Dyslipidemia is a prevalent condition characterized by abnormal levels of lipids in the bloodstream. At Shanikrupa Heartcare, we aim to provide you with comprehensive insights into this condition, empowering you to make informed decisions about your health.

What is Dyslipidemia?

Dyslipidemia refers to an imbalance in lipid levels, including cholesterol and triglycerides, in the blood. This imbalance can lead to a variety of health issues, including cardiovascular diseases.

Causes of Dyslipidemia

There are several factors that can contribute to the development of dyslipidemia. These include genetics, diet, lifestyle choices, underlying medical conditions, and certain medications.

Types of Dyslipidemia

1. Hypercholesterolemia: Elevated levels of LDL cholesterol, often referred to as “bad” cholesterol.

2. Hypertriglyceridemia: Elevated levels of triglycerides in the blood.

3. Mixed dyslipidemia: A combination of high LDL cholesterol and triglycerides.

Risk Factors for Dyslipidemia

– Poor diet high in saturated fats and cholesterol

– Sedentary lifestyle

– Obesity

– Diabetes

– Hypertension

– Smoking

– Family history of high cholesterol or cardiovascular disease

Symptoms of Dyslipidemia

It often does not cause noticeable symptoms until it leads to complications such as heart disease or stroke. However, some individuals may experience symptoms such as:

– Chest pain / Angina

– Fatigue

– Shortness of breath

– Numbness or weakness in the limbs

– Yellowish patches on the skin (xanthomas)

Read: Heart attack: life threatening to youngsters!

Diagnosis and Treatment

Diagnosing dyslipidemia typically involves a lipid profile blood test, which measures cholesterol and triglyceride levels. Treatment may include lifestyle changes such as dietary modifications and increased physical activity, as well as medications such as statins, fibrates, or cholesterol absorption inhibitors.


– Eating a balanced diet rich in fruits, vegetables, whole grains, and lean proteins

– Limiting intake of saturated and trans fats, cholesterol, and refined sugars

– Engaging in regular physical activity

– Maintaining a healthy weight

– Avoiding smoking and excessive alcohol consumption.

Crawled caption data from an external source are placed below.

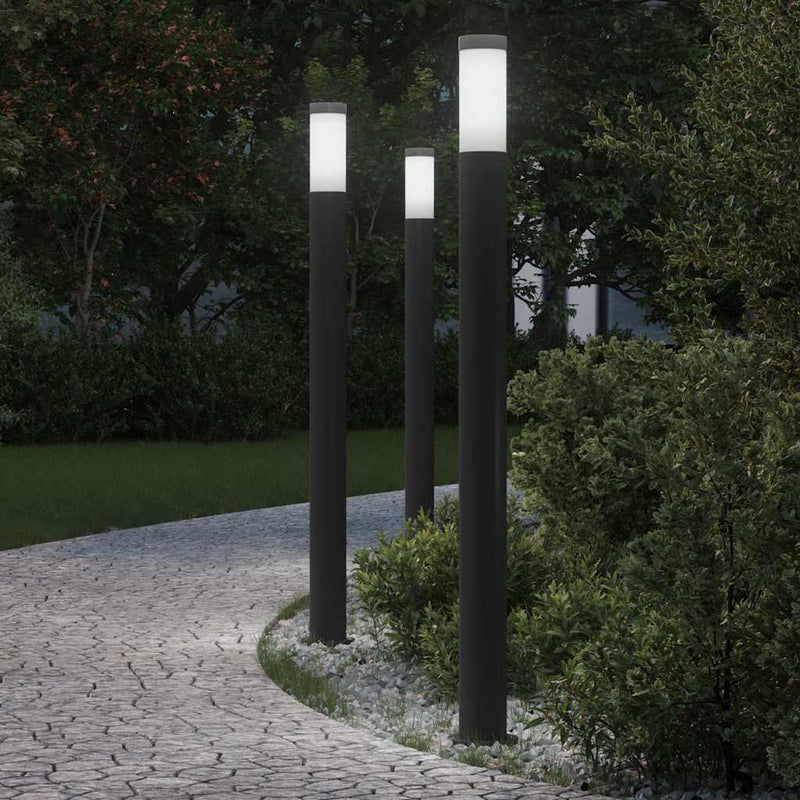 Stâlpi iluminatori 3 buc 110 cm oțel inoxidabil IP44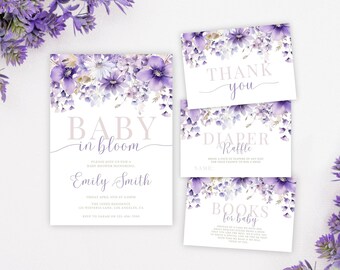 Lavender Baby in Bloom Baby Shower Invitation Template Editable Baby Shower Decorations Purple Floral Baby Shower Baby Gift Digital BSB008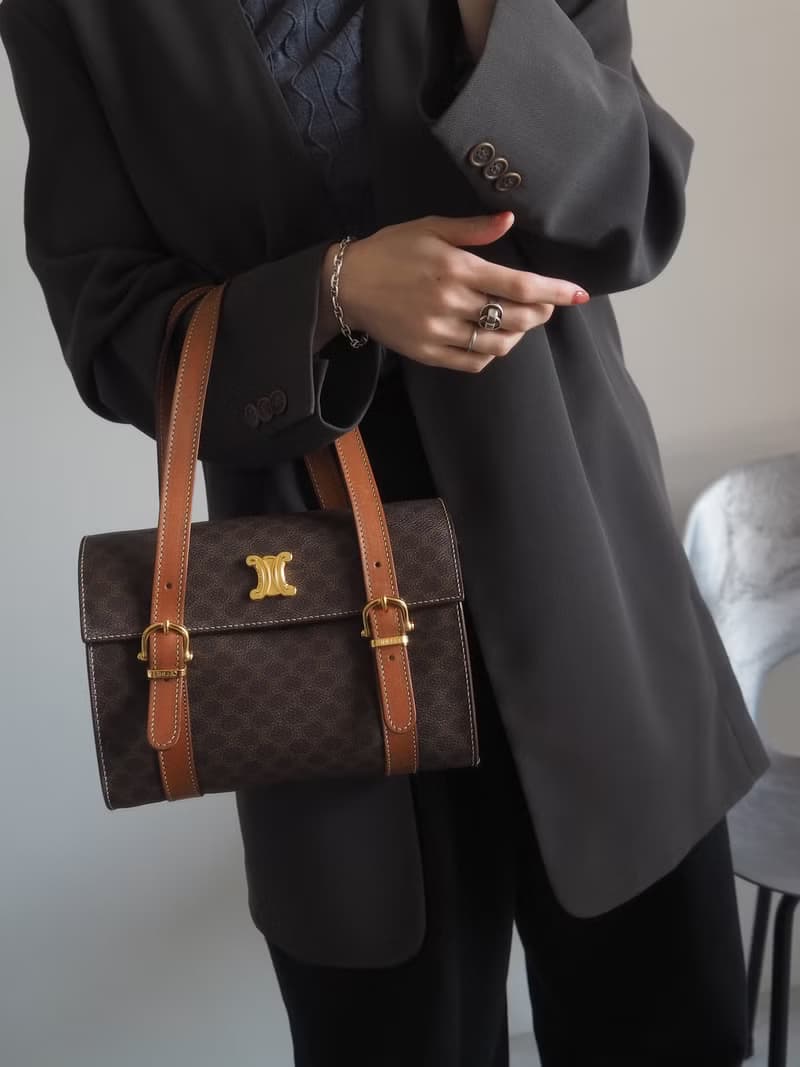 CELINE セリーヌ マカダム ハンドバッグ ブラウン ヴィンテージ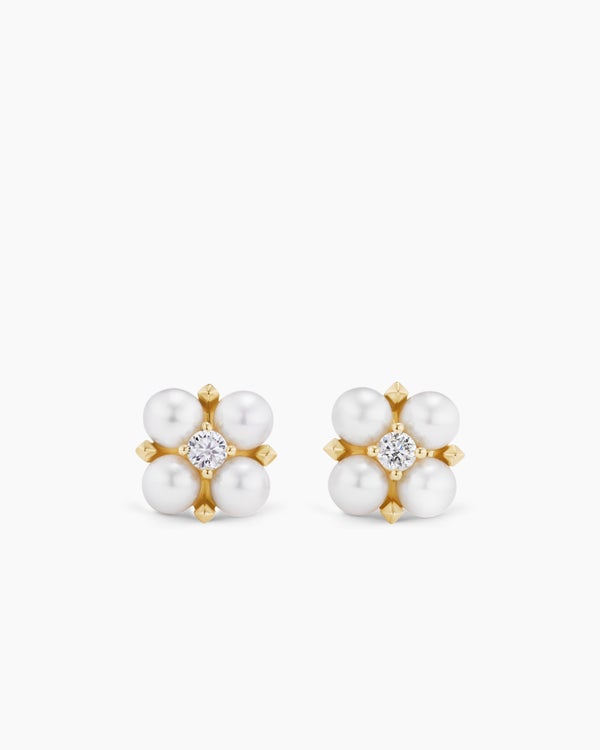 Petite Modern Renaissance® Pearl Stud Earrings in 18K Yellow Gold with Diamonds, 7.8mm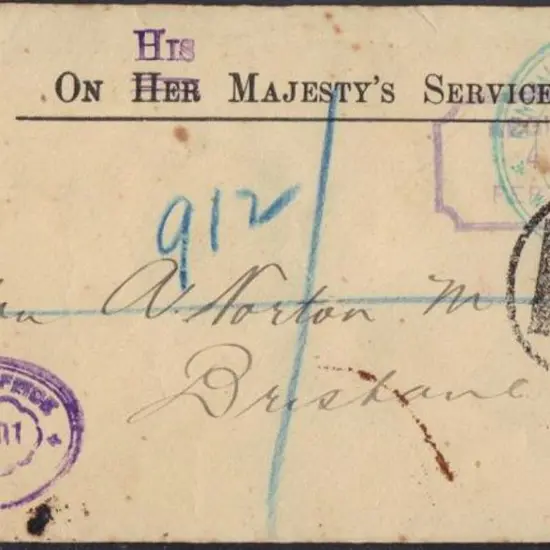 1901 (4th May) OHMS cover from Perth to Brisbane ...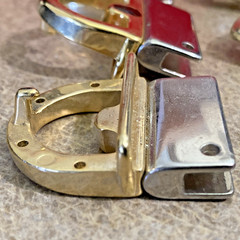 Geometric Belt Buckle non magnetic shiny metal Brass lot 2.5&Prime; x 1 3/8&Prime;
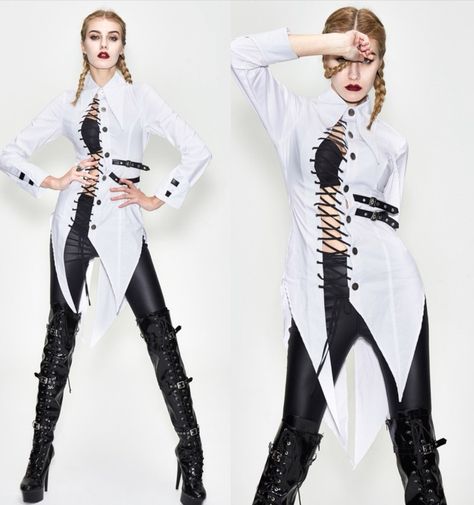 Jojo Fashion, White Goth, Aesthetic Outfit Ideas, Punk Outfits, Gothic Punk, Blouse For Women, Goth Outfits, Twisted Wonderland, Character Outfits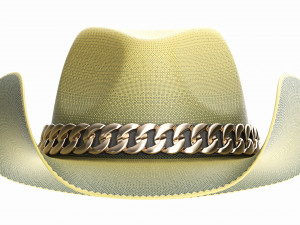 Woman cowboy fabric hat with curved brims 3D Model
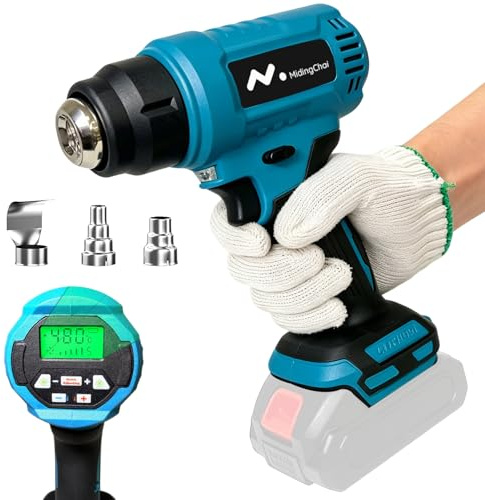 Décapeur Thermique sans Fil pour Makita 18V, Chauffage Rapide, avec 3 Buses | Souffleur Thermique, 60-540℃, Écran LCD Protection Surchauffe, pour Bricolage Gaine Thermorétractable, sans Batterie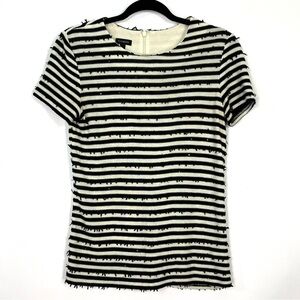 Talbots Black Off White Stripe Sequin Fringe Short Sleeve Top Sweater Shirt XS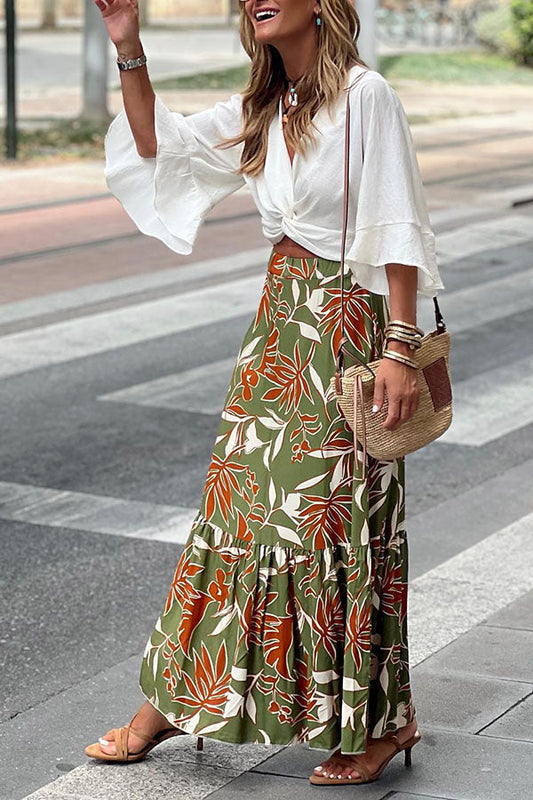 Bloemen- en bladerenpatroon retro geplooide rok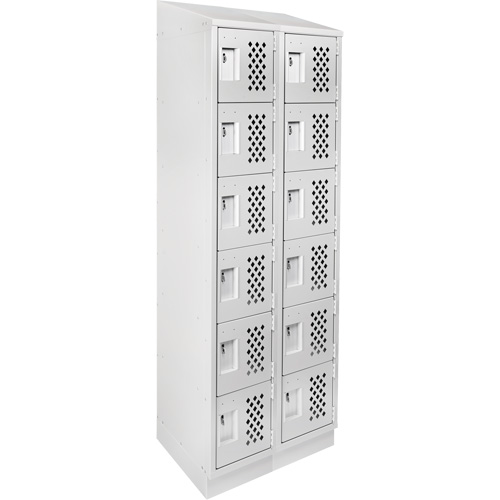 Assembled Lockerettes Clean Line Perforated Economy Lockers, 6 -tier, Bank of 2, 18" x 72" x 12", Steel The Estey Group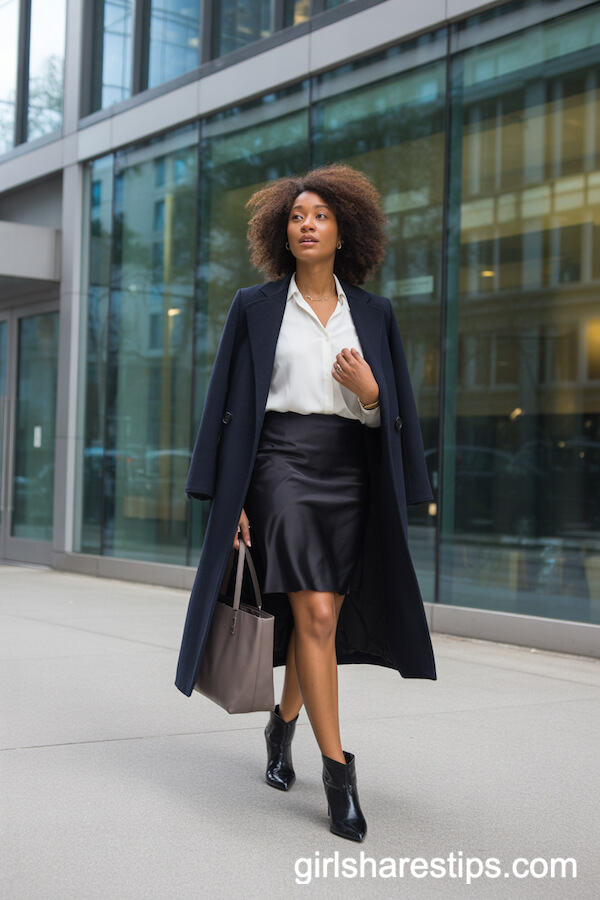 Navy Wool Coat and White Blouse with Black Satin Skirt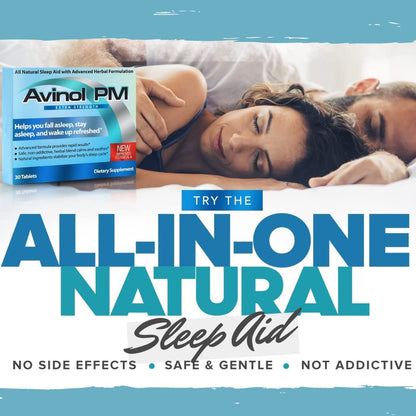 Avinol PM Extra Strength – Natural Sleep Supplement (30ct) | One-Tablet Convenience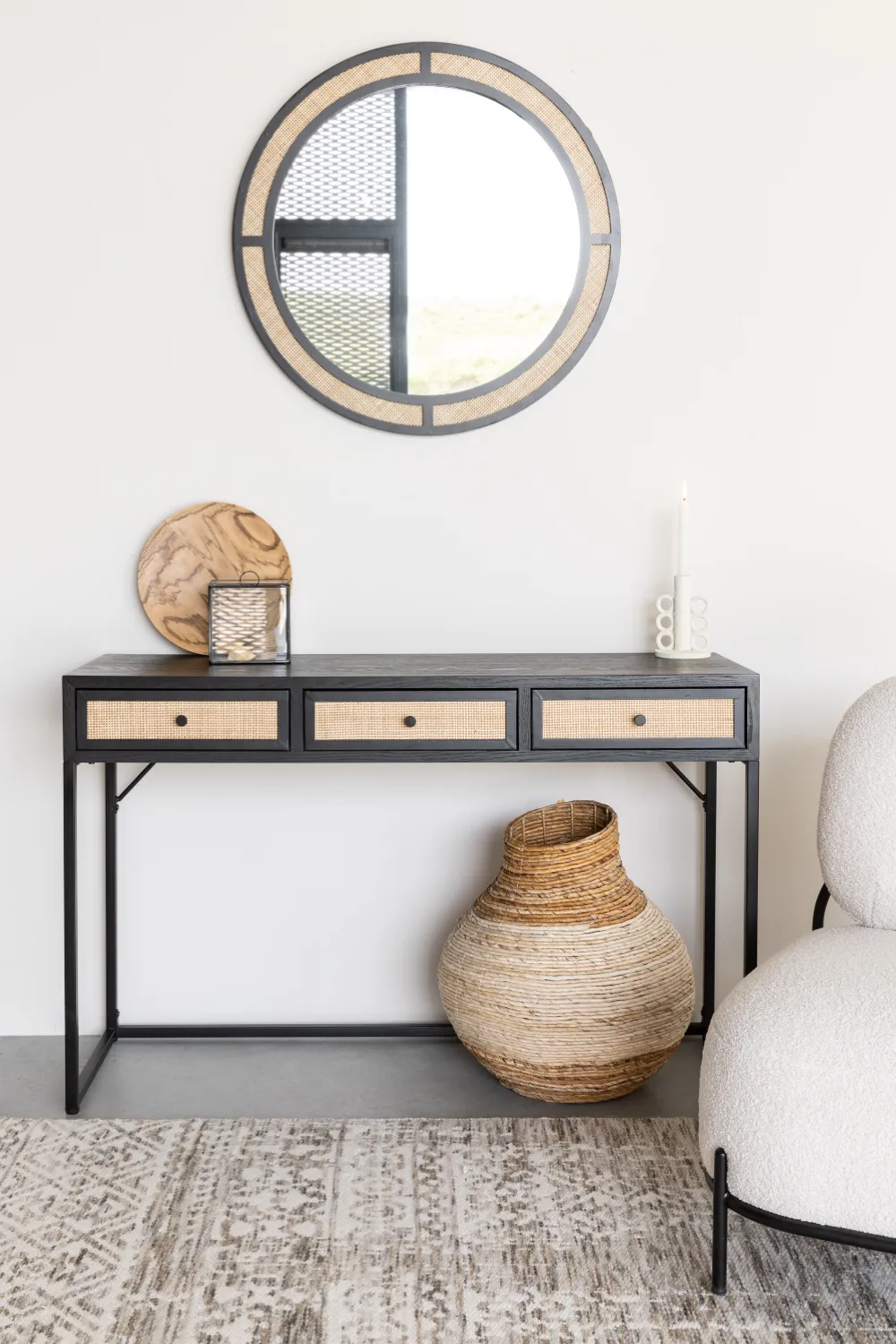 Modern Black Wood Console Table | DF Guuji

Can Dyslipidemia be treated?

Yes, dyslipidemia can be treated.

Treatment typically involves a combination of lifestyle changes and medication.

Lifestyle modifications may include adopting a heart-healthy diet, engaging in regular physical activity, quitting smoking, and maintaining a healthy weight.

Medications such as statins, fibrates, cholesterol absorption inhibitors, or other lipid-lowering drugs. It also be prescribed to help manage lipid levels.

With proper management, many people with dyslipidemia can effectively control their lipid levels and reduce their risk of complications such as heart disease and stroke.

What is the difference between hyperlipidemia and high cholesterol?


Hyperlipidemia is a broad term that encompasses elevated levels of lipids (fats) in the blood. This can include high levels of cholesterol, triglycerides, or both. Hyperlipidemia can be further categorized into specific types based on which lipid levels are elevated and to what extent.

High Cholesterol:

High cholesterol specifically refers to elevated levels of cholesterol in the blood. Cholesterol is a type of lipid that is essential for various bodily functions, but excessive levels can increase the risk of cardiovascular diseases such as heart attacks and strokes. 

High cholesterol is often a component of hyperlipidemia, but it specifically relates to elevated levels of cholesterol rather than other types of lipids.